Art. 23 Abs. 3 und Art. 70 IPRG wollen die Entstehung von Rechtsverhältnissen vermeiden, die nur von einem Staat anerkannt werden. Der Erwerb einer ausländischen Staatsangehörigkeit, um ein ausländisches Urteil über die Feststellung des Kindesverhältnisses zu erlangen, verletzt diese Bestimmungen nicht und ist in der Schweiz zu anerkennen (E. 3).
A.X., citoyen suisse, né le 24 août 1955, est issu de l'union libre de F.X., et de H.Y., citoyen français d'origine juive, décédé le 3 décembre 1999 à Genève. Il est inscrit au Registre d'état civil de sa commune d'origine comme fils de F.X. et de père inconnu.
Le 12 février 2001, A.X. a saisi le Tribunal des affaires familiales de Haïfa d'une action en reconnaissance de paternité dirigée contre l'exécuteur testamentaire et administrateur d'office de la succession de H.Y. Par jugement du 22 juillet 2001, ce tribunal, attestant de la citoyenneté israélienne du demandeur, a reconnu la paternité de H.Y. sur la base d'une expertise ADN, effectuée à Genève sur commission rogatoire de l'Etat d'Israël.

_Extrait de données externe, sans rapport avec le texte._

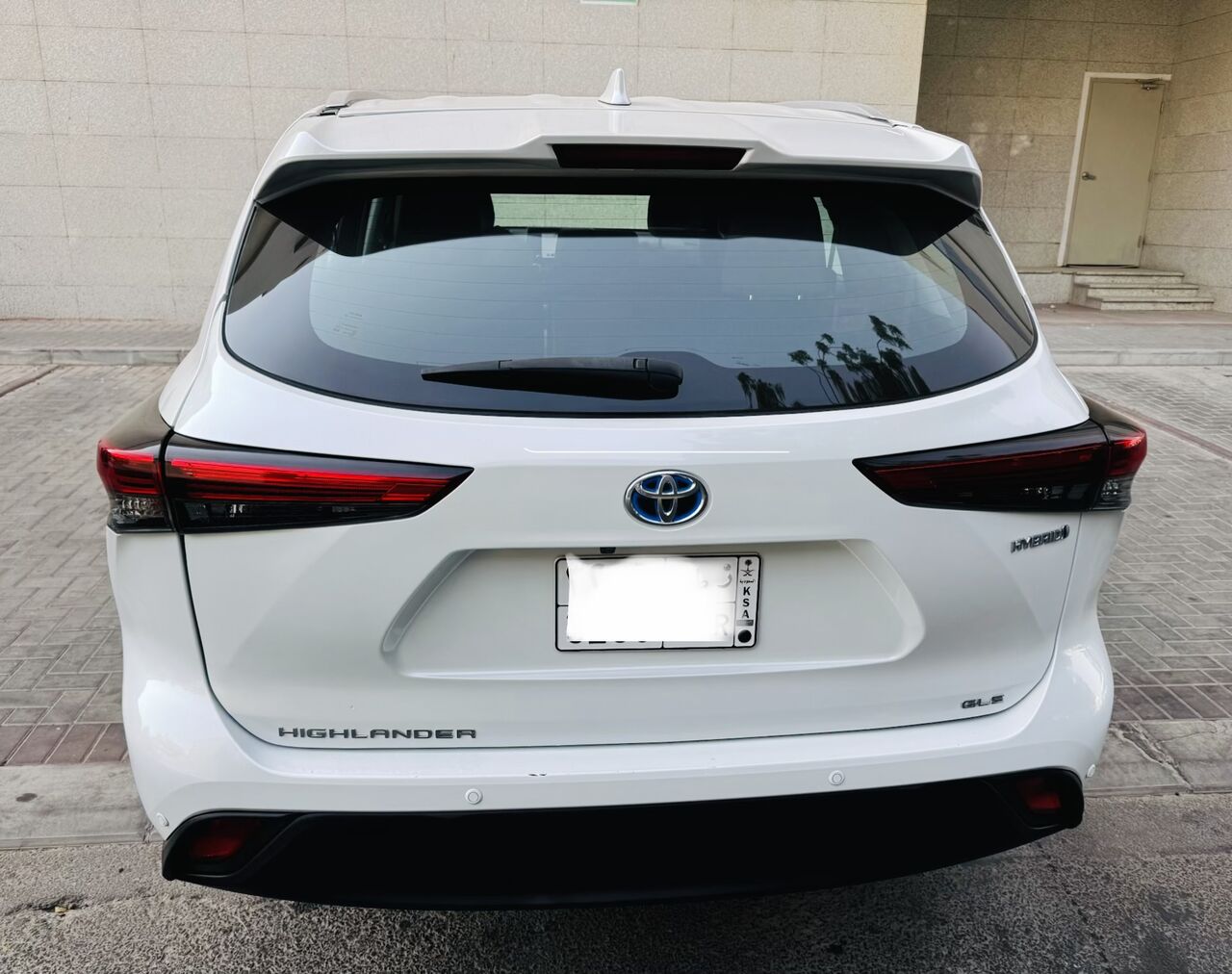 Jeddah, Vehicles, Cars & Trucks , SAR 119000,  Toyota Highlander Hybrid,  2023,  Automatic,  62000 KM,  Good Condition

Le 11 octobre 2001, A.X. a requis la transcription du jugement israélien du 22 juillet 2001 dans les registres de l'état civil, en application du droit international privé suisse. Dans le cadre de l'instruction de cette demande, l'état civil cantonal a obtenu la production de l'attestation d'entrée en force du jugement précité et a invité les héritiers légaux de H.Y. à se déterminer sur la requête. Ceux-ci se sont opposés à la reconnaissance du jugement et à la transcription de celui-ci dans les registres de l'état civil.
Par décision du 25 juin 2002, le Service de la population a ordonné la transcription, dans les registres des familles et des naissances, du jugement israélien constatant que A.X. est le fils de H.Y.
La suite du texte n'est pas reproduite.